What you have to do: All lines in the records below from the line with "FORD FLEX 2017 - 2FMGK5B84HBA14143" through the line with "Borsa Deauville Chanel" are to be given again exactly, both ends included; the pictures are to be left out.

Data to process:
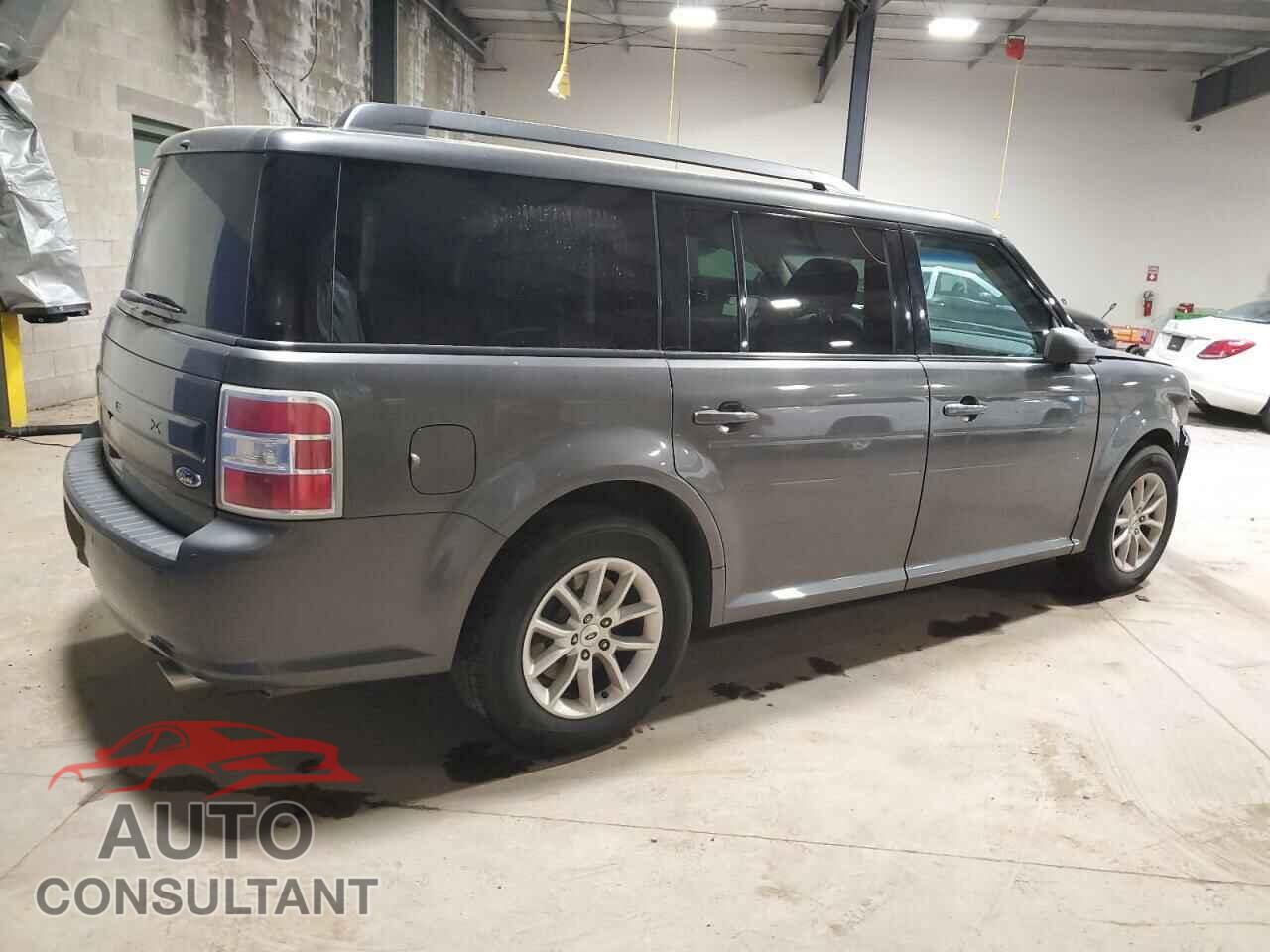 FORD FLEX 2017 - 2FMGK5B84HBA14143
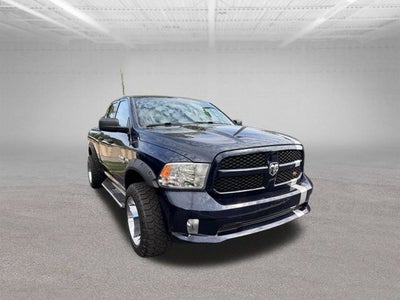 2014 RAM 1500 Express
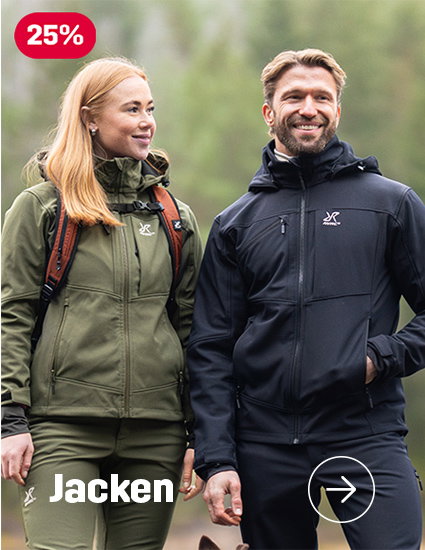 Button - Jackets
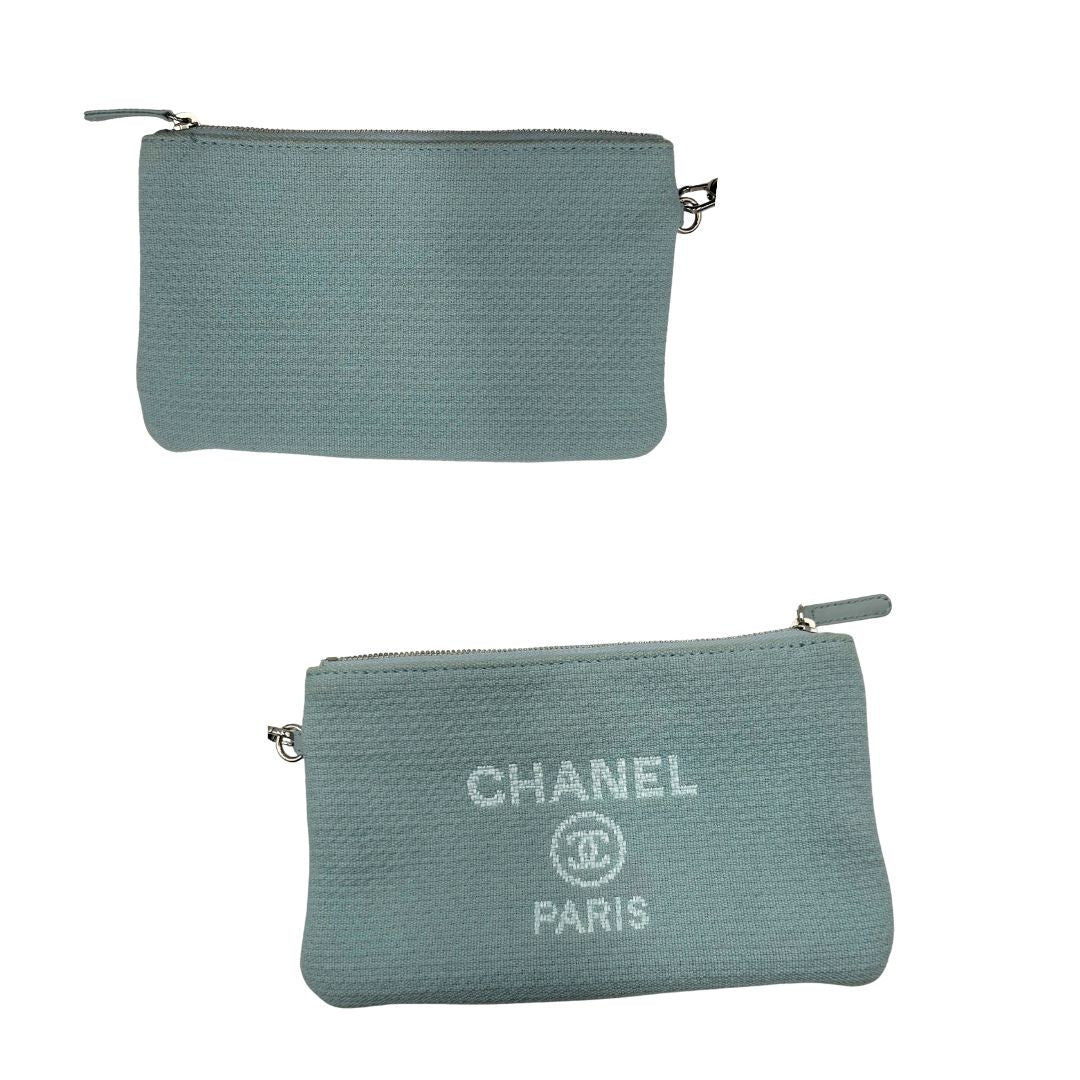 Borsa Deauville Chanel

==

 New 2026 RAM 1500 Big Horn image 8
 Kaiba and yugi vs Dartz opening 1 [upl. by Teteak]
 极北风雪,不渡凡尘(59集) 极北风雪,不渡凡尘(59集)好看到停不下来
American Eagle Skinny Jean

==

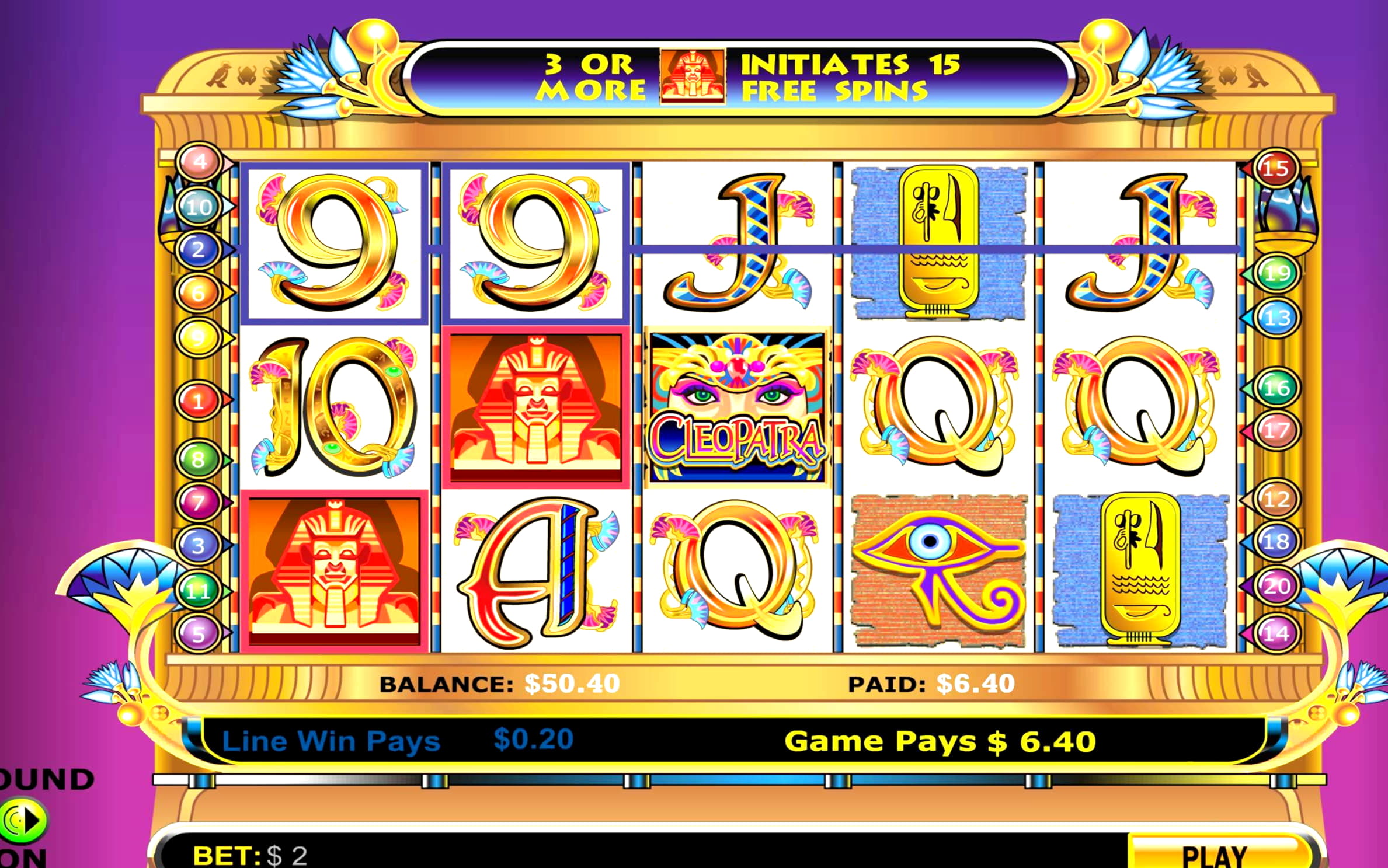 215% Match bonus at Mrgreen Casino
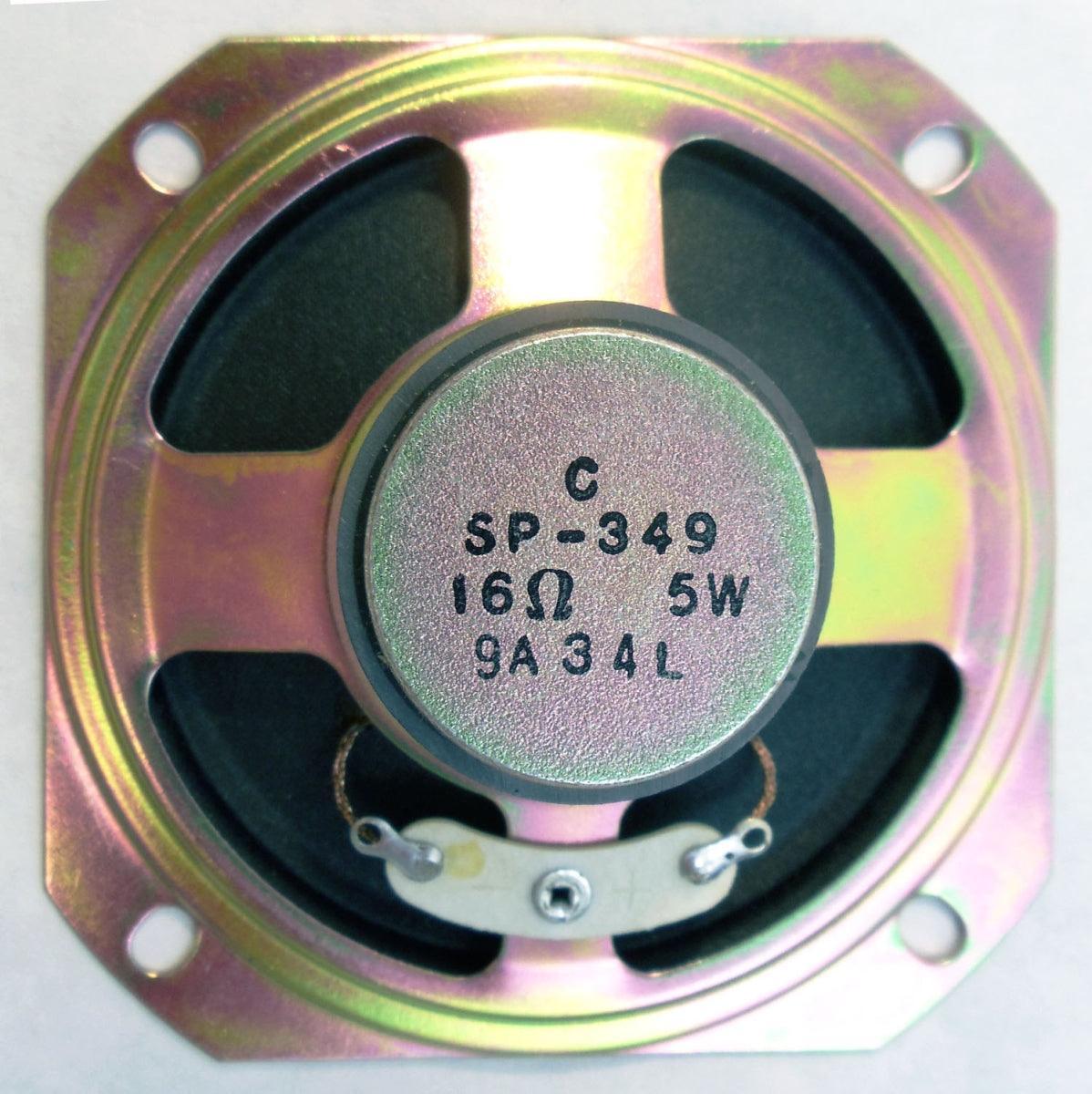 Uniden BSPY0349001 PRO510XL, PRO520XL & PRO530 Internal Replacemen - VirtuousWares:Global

Response to this task:
 FORD FLEX 2017 - 2FMGK5B84HBA14143
 2014 RAM 1500 Express
 Button - Jackets
 Borsa Deauville Chanel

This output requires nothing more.